Os prejuízos causados pelo desastre-crime tem um agravamento para as mulheres que, historicamente, lidam com a sobrecarga doméstica e com a responsabilidade do cuidado.
Pelos relatos obtidos no grupo focal, nota-se que esse trabalho diário é invisibilizado e, por consequência, pouco valorizado. As cabeças das mulheres não param de trabalhar: planejamento, organização e toda a tomada de decisão nas casas é responsabilidade delas.
A partir da conversa algumas consequências foram identificadas:
- aumento do trabalho doméstico;
- aumento no consumo de álcool;
- aumento no consumo de antidepressivos;
- aumento da violência doméstica;
- conflitos familiares;
- perda do contato social;
- transtorno mental.
O resultado é uma carga de exaustão. “A sobrecarga é da mulher, é ela que se preocupa com a casa e com a família. Depois do rompimento eu tenho que me preocupar até com a água que vou usar para fazer comida”, desabafa Elizete.
Além disso, as mulheres relatam que são diminuídas nos espaços em que lutam pela garantia dos seus direitos. Eliana é uma das pessoas atuantes no processo de reparação e diz que diversas vezes foi taxada de louca e dramática. “Já ouvi que eu nunca fui liderança, que a liderança daqui é um homem, foi um funcionário da Vale que disse isso”, recorda.
Para Lilian Rodarte, da equipe de Mobilização Social do Instituto Guaicuy, é importante criar esses lugares de escuta. A profissional reforça que “quando a gente promove esse espaço de acolhimento, mesmo que seja para falar dos danos que aconteceram na vida dessas mulheres, estamos proporcionando um espaço de saúde, um espaço reflexivo”.
Josenilda se emociona: “tem dia que você está mais frágil, às vezes é uma palavra ou um abraço que fortalece”. Essas pescadoras, mães, esposas, amigas, guerreiras e mulheres têm encontrado apoio umas nas outras.
“Ouvir a outra mulher é também refletir sobre si mesma e sobre o grupo, e isso só fortalece, além de promover a união e entender que elas não estão sozinhas nessa luta”, pontua Lilian.

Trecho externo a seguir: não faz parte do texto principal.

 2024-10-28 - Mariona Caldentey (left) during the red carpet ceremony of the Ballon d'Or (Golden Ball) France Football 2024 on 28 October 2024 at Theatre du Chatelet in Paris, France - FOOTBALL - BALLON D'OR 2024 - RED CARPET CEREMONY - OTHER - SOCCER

A partir dessas reuniões, o Instituto Guaicuy analisará os dados para entender o agravamento de danos e para trabalhar de uma forma mais direcionada. “A partir dessas conversas vamos pensar como conseguimos colocar esses grupos em evidência no processo, já que, mesmo diante da nossa sociedade, esses grupos, suas necessidades e seus direitos, ficam à margem da discussão e do debate”, conclui Clarissa.